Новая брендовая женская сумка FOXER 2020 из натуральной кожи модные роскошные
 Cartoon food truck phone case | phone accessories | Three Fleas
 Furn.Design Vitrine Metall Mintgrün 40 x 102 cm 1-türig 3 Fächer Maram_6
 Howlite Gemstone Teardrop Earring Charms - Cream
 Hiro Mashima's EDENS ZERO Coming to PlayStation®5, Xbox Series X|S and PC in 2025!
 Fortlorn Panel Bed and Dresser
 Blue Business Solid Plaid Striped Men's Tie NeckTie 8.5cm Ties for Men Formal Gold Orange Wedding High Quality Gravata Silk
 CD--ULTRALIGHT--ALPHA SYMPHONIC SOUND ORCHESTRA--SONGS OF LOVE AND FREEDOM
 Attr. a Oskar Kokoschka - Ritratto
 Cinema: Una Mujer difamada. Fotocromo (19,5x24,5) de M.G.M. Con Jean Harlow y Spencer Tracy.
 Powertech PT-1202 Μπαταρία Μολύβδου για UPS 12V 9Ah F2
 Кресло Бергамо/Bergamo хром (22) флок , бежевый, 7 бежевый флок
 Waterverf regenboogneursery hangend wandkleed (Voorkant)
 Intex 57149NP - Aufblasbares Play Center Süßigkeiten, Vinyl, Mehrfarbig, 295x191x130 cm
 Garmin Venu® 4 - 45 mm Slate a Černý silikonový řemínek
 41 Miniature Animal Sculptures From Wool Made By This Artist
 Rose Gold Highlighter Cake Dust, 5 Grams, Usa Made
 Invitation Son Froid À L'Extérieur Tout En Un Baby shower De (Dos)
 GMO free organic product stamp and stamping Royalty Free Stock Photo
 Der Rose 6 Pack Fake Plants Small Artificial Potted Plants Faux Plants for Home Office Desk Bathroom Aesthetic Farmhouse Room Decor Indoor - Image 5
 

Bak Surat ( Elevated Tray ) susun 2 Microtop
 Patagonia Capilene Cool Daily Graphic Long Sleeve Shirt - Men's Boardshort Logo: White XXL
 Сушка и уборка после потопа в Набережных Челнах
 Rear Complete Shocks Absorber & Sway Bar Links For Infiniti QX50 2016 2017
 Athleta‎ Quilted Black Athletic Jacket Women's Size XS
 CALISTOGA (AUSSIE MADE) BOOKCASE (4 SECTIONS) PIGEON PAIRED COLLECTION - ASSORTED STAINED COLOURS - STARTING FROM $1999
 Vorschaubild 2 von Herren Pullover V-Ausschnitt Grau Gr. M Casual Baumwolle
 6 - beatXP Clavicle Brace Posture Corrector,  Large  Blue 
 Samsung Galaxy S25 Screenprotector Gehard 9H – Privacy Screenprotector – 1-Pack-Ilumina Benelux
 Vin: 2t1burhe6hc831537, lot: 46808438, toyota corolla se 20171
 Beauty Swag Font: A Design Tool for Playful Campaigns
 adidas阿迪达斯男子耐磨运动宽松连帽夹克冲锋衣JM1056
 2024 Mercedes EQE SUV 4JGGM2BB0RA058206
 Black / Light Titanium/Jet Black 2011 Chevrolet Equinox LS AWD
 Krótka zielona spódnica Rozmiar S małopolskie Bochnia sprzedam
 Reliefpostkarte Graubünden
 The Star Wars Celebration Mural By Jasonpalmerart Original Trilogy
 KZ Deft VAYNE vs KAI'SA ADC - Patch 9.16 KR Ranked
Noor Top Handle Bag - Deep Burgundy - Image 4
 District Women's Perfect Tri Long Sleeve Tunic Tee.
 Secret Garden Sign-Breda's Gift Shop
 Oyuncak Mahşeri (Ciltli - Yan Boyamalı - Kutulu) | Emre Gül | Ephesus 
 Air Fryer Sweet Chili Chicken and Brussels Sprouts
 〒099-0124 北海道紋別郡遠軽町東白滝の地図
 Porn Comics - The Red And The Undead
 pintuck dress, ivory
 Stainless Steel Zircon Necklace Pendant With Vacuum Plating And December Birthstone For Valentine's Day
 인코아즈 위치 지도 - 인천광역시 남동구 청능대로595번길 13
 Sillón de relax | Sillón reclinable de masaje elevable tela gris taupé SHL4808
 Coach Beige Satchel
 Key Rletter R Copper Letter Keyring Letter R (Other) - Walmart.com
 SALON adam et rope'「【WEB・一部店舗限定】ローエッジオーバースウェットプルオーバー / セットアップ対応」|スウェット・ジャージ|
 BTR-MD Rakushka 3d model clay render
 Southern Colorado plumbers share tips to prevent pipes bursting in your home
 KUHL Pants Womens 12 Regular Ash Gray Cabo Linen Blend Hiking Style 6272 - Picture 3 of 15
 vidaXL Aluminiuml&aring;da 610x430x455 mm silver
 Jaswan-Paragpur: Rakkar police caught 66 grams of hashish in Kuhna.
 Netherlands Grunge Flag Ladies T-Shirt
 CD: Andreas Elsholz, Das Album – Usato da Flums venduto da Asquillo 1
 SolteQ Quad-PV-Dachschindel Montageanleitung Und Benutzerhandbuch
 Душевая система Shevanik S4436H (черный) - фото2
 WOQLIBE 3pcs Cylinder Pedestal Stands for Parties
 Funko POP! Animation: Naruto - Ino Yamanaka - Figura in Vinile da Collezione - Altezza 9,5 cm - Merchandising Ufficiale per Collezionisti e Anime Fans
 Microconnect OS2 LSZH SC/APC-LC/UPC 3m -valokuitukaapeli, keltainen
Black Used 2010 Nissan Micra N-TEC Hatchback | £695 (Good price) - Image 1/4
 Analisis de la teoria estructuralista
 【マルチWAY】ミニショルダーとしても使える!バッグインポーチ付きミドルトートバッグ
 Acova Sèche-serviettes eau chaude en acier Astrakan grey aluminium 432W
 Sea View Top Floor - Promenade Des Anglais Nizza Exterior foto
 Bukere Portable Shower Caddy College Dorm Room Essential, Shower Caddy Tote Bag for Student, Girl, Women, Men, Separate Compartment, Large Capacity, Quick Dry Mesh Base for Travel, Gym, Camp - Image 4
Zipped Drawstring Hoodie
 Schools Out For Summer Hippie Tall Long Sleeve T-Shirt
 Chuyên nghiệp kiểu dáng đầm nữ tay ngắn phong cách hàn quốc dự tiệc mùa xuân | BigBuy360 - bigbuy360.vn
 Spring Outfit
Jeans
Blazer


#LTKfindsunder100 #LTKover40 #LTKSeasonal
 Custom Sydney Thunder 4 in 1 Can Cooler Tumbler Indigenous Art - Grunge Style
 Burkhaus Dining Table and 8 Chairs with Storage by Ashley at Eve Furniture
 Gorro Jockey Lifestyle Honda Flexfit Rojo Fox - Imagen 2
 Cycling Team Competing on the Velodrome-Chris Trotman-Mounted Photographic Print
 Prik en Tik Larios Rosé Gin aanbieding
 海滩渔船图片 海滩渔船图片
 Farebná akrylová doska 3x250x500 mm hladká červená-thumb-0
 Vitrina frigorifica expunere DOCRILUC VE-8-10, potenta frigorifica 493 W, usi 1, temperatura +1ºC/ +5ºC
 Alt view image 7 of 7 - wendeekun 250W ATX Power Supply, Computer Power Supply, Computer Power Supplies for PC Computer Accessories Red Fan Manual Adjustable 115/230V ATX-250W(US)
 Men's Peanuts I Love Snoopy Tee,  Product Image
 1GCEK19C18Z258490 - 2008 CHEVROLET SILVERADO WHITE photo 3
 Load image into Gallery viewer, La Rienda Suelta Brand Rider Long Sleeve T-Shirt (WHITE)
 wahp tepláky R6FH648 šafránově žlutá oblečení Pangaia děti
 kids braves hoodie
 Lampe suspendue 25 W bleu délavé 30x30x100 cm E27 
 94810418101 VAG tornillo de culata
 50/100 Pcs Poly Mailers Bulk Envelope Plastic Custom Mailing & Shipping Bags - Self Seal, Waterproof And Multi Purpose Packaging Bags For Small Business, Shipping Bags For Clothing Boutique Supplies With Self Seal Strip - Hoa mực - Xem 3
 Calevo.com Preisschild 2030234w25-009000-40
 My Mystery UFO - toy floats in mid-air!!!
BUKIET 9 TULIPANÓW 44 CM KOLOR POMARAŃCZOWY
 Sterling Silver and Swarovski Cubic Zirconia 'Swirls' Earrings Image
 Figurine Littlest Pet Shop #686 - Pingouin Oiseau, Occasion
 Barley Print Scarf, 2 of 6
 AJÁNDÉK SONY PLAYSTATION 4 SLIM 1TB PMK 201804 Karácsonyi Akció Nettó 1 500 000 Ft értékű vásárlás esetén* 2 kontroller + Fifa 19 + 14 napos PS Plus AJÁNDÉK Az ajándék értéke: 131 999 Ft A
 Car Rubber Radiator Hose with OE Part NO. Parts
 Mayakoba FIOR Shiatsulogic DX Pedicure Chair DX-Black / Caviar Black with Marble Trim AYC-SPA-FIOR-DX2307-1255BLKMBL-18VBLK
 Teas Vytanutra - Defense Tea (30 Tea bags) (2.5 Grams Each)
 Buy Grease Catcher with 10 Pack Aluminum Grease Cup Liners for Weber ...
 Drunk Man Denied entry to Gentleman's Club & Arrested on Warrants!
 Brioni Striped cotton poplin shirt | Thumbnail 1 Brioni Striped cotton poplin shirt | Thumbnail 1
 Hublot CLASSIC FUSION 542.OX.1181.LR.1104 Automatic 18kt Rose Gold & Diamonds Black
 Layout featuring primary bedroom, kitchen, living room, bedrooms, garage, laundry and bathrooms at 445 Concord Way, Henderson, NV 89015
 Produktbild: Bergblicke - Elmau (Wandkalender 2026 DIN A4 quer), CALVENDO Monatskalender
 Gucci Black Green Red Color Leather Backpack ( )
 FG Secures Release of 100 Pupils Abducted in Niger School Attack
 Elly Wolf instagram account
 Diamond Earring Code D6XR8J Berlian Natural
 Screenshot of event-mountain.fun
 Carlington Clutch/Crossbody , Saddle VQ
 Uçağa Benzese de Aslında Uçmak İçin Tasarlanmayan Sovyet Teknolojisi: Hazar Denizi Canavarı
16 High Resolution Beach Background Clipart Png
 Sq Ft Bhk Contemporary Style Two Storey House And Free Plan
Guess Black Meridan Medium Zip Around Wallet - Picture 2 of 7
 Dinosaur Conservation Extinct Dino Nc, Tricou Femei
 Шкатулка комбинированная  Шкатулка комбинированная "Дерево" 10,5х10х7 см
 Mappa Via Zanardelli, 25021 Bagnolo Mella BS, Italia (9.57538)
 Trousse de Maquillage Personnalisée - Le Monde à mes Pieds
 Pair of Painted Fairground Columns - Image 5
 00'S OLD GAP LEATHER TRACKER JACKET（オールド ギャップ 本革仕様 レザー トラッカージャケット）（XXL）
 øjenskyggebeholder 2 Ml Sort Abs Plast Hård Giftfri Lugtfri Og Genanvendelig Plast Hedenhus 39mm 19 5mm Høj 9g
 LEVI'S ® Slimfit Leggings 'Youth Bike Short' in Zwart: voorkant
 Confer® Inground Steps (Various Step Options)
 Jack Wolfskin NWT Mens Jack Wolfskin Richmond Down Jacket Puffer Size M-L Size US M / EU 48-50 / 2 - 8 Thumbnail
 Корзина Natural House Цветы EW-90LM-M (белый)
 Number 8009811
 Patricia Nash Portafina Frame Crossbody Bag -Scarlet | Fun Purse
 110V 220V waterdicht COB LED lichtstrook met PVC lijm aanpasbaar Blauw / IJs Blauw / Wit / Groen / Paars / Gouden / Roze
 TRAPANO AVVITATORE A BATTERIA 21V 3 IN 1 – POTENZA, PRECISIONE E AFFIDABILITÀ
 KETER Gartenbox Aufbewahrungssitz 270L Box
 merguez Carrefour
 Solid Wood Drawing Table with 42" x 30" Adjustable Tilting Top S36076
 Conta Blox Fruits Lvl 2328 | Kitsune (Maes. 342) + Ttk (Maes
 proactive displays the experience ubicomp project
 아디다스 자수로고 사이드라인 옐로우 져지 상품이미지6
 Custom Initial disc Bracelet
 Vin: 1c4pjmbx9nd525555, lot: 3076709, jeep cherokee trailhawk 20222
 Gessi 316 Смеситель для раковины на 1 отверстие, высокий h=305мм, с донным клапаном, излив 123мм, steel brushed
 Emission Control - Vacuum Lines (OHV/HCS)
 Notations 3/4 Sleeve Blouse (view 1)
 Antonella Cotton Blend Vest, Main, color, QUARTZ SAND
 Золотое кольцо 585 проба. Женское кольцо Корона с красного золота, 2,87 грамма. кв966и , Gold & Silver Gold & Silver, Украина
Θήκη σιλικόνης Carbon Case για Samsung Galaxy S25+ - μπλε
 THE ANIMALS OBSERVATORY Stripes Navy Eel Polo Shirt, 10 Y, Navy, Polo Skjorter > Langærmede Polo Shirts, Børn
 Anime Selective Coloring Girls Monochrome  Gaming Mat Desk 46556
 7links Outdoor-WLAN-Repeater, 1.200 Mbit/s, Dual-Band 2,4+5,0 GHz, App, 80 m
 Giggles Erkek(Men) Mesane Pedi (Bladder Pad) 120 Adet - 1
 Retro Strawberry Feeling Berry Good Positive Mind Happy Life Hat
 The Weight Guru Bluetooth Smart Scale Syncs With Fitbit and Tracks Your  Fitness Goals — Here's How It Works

• _THE PROBLEM_
From the material above, set down exactly the lines between the line holding "Кресло Бергамо/Bergamo хром" and the line holding "인코아즈 위치 지도 - 인천광역시 남동구 청능대로595번길 13", inclusive. Include nothing else.

• _THE COMPLETED TASK_
 Кресло Бергамо/Bergamo хром (22) флок , бежевый, 7 бежевый флок
 Waterverf regenboogneursery hangend wandkleed (Voorkant)
 Intex 57149NP - Aufblasbares Play Center Süßigkeiten, Vinyl, Mehrfarbig, 295x191x130 cm
 Garmin Venu® 4 - 45 mm Slate a Černý silikonový řemínek
 41 Miniature Animal Sculptures From Wool Made By This Artist
 Rose Gold Highlighter Cake Dust, 5 Grams, Usa Made
 Invitation Son Froid À L'Extérieur Tout En Un Baby shower De (Dos)
 GMO free organic product stamp and stamping Royalty Free Stock Photo
 Der Rose 6 Pack Fake Plants Small Artificial Potted Plants Faux Plants for Home Office Desk Bathroom Aesthetic Farmhouse Room Decor Indoor - Image 5
 

Bak Surat ( Elevated Tray ) susun 2 Microtop
 Patagonia Capilene Cool Daily Graphic Long Sleeve Shirt - Men's Boardshort Logo: White XXL
 Сушка и уборка после потопа в Набережных Челнах
 Rear Complete Shocks Absorber & Sway Bar Links For Infiniti QX50 2016 2017
 Athleta‎ Quilted Black Athletic Jacket Women's Size XS
 CALISTOGA (AUSSIE MADE) BOOKCASE (4 SECTIONS) PIGEON PAIRED COLLECTION - ASSORTED STAINED COLOURS - STARTING FROM $1999
 Vorschaubild 2 von Herren Pullover V-Ausschnitt Grau Gr. M Casual Baumwolle
 6 - beatXP Clavicle Brace Posture Corrector,  Large  Blue 
 Samsung Galaxy S25 Screenprotector Gehard 9H – Privacy Screenprotector – 1-Pack-Ilumina Benelux
 Vin: 2t1burhe6hc831537, lot: 46808438, toyota corolla se 20171
 Beauty Swag Font: A Design Tool for Playful Campaigns
 adidas阿迪达斯男子耐磨运动宽松连帽夹克冲锋衣JM1056
 2024 Mercedes EQE SUV 4JGGM2BB0RA058206
 Black / Light Titanium/Jet Black 2011 Chevrolet Equinox LS AWD
 Krótka zielona spódnica Rozmiar S małopolskie Bochnia sprzedam
 Reliefpostkarte Graubünden
 The Star Wars Celebration Mural By Jasonpalmerart Original Trilogy
 KZ Deft VAYNE vs KAI'SA ADC - Patch 9.16 KR Ranked
Noor Top Handle Bag - Deep Burgundy - Image 4
 District Women's Perfect Tri Long Sleeve Tunic Tee.
 Secret Garden Sign-Breda's Gift Shop
 Oyuncak Mahşeri (Ciltli - Yan Boyamalı - Kutulu) | Emre Gül | Ephesus 
 Air Fryer Sweet Chili Chicken and Brussels Sprouts
 〒099-0124 北海道紋別郡遠軽町東白滝の地図
 Porn Comics - The Red And The Undead
 pintuck dress, ivory
 Stainless Steel Zircon Necklace Pendant With Vacuum Plating And December Birthstone For Valentine's Day
 인코아즈 위치 지도 - 인천광역시 남동구 청능대로595번길 13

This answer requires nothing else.